I've used Kahan summation to compensate for an accumulated error when computing running averages.在计算运行平均值时，我使用 Kahan 求和来补偿累积误差。 It does make quite a difference and it's easy to test.它确实有很大的不同，而且很容易测试。 I eliminated rather large errors after only a 100 summations.仅经过 100 次求和，我就消除了相当大的错误。

I would definitely use the Kahan summation algorithm to compensate for the error in any running totals.我肯定会使用 Kahan 求和算法来补偿任何运行总计中的错误。

However, I've noticed quite large ( 1e-3 ) errors when doing inverse matrix multiplication.但是，我注意到在进行逆矩阵乘法时出现了相当大的 ( 1e-3 ) 错误。 Basically, A*x = y , then inv(A)*y ~= x I'm not getting the original values back exactly.基本上， A*x = y ，然后是inv(A)*y ~= x我没有准确地恢复原始值。 Which is fine but I thought maybe Kahan summation would help (there's a lot of addition) especially with larger matrices >3-by-3.这很好，但我认为 Kahan 求和可能会有所帮助（有很多加法），尤其是对于 >3×3 的较大矩阵。 I tried with a 4-by-4 matrix and it did not improve the situation at all.我尝试使用 4×4 矩阵，但它根本没有改善这种情况。

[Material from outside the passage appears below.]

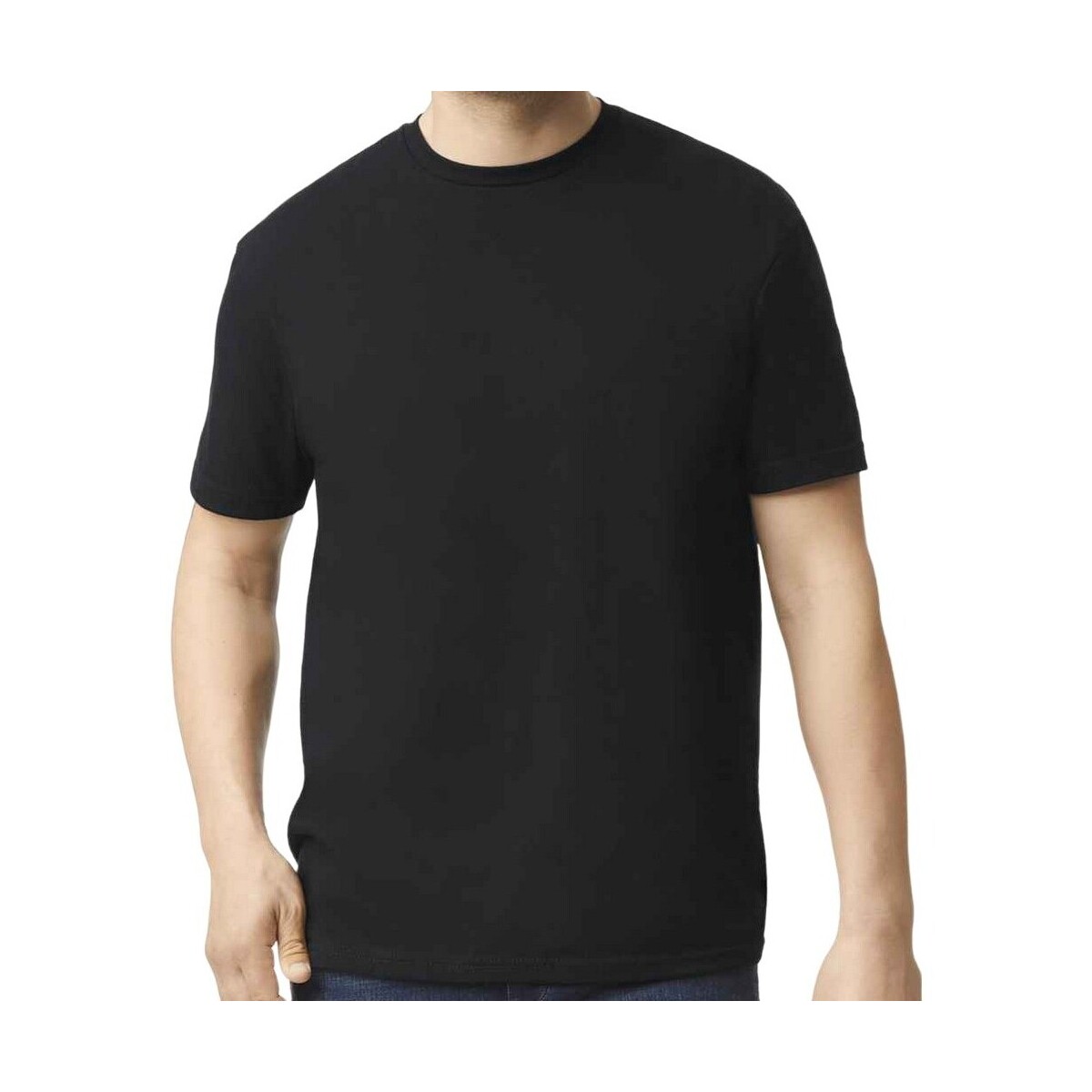 Abbigliamento Uomo T-shirts a maniche lunghe Gildan Softstyle CVC Nero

When would the extra precision be useful?额外的精度什么时候有用？

Very roughly:非常粗略：

Case 1情况1

When you are当你在

Summing up a lot of data总结了很多数据
in a non-sequential fashion, ie computing sums, then summing up the sums (as opposed to iterating all data with a running sum),以非顺序方式，即计算总和，然后对总和求和（而不是用运行总和迭代所有数据），

then Kahan summation makes a lot of sense in the second phase - when you sum-up-the-sums, because the errors you're avoiding are by now more significant, while the overhead is paid only for a small fraction of the overall sum operations.然后 Kahan 求和在第二阶段很有意义——当你求和时，因为你避免的错误现在更重要，而开销只支付总和的一小部分操作。

Case 2案例二

When you're working with a lower-precision floating-point type, without being sure you're meeting the accuracy requirement, and you're not allowed to switch to a larger, higher-precision type.当您使用精度较低的浮点类型时，不确定是否满足精度要求，并且不允许切换到更大、精度更高的类型。